What can we fit in 140 characters?

by George Pollard

This is in reference to the current ‘Twitter image encoding challenge’ running on StackOverflow.

If we want to restrict ourselves to assigned, non-control, non-private Unicode characters, then by my reckoning that gives us 129,775 available characters.

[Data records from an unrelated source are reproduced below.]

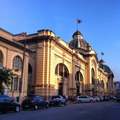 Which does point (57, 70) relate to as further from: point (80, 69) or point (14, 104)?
point (14, 104)

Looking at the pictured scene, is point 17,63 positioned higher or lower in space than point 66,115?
higher

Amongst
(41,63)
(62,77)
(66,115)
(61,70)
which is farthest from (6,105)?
(61,70)

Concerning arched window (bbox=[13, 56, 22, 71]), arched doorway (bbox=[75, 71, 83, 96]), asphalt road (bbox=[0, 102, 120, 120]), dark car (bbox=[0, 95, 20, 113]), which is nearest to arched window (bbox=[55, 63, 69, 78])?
arched doorway (bbox=[75, 71, 83, 96])

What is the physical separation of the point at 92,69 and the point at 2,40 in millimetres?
56434

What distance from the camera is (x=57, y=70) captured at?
65312 millimetres

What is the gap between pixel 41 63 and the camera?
5869 cm

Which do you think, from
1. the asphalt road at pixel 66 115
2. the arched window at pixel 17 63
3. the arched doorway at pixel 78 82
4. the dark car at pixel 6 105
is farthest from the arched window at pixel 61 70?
the asphalt road at pixel 66 115

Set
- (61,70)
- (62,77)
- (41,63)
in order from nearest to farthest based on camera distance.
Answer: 1. (41,63)
2. (62,77)
3. (61,70)

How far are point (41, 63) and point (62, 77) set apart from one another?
10.3 m

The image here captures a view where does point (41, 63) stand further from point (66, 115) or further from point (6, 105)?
point (66, 115)

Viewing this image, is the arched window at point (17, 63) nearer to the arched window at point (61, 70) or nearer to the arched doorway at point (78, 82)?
the arched window at point (61, 70)

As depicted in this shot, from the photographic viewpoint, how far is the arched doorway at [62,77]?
6615 cm

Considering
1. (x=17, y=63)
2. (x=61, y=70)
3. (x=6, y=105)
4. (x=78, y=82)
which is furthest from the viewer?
(x=78, y=82)

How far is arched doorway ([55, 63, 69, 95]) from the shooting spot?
66.2 metres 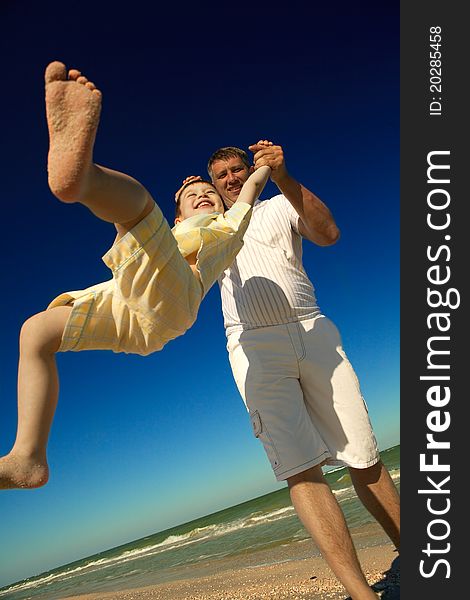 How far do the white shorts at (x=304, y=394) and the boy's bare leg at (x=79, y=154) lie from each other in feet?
4.15

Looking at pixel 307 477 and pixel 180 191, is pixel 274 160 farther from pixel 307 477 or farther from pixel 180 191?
pixel 307 477

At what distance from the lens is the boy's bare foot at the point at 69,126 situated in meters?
1.85

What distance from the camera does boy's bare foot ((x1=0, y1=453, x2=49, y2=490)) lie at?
206cm

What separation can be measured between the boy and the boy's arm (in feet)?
1.35

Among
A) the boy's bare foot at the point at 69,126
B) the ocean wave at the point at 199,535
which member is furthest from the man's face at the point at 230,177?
the ocean wave at the point at 199,535

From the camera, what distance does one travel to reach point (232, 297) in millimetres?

wget http://unicode.org/Public/UNIDATA/UnicodeData.txt
awk -F ';' UnicodeData.txt -f countUnichars.awk | bc

countUnichars.awk source:

BEGIN { print "ibase=16" } # set bc to hex mode
 
$2 ~ /Private/ { # skip any lines with "private" in the description
    getline;
}
 
n { # if n is set, then print the range for bc to calculate
    printf("(%s-%s+1)+",$1,n);
    n="";
}
 
$2 ~ /First>/ { # set n if the start of a range
    n=$1;
    getline;
}
 
$3 !~ "C." { # otherwise count anything that isn't some kind of a control character
    i++;
}
 
END { # print out the count of everything else
    printf("%X\n",i)
}

This means we can store exactly 2377 bits (297 bytes) per message (this is \lfloor\log_2(129775) \times 140\rfloor), so if we use a 16-colour palette we can store about 594 pixels (2377/\log_2(16)), which can almost reproduce the Mona Lisa thumbnail in the contest page.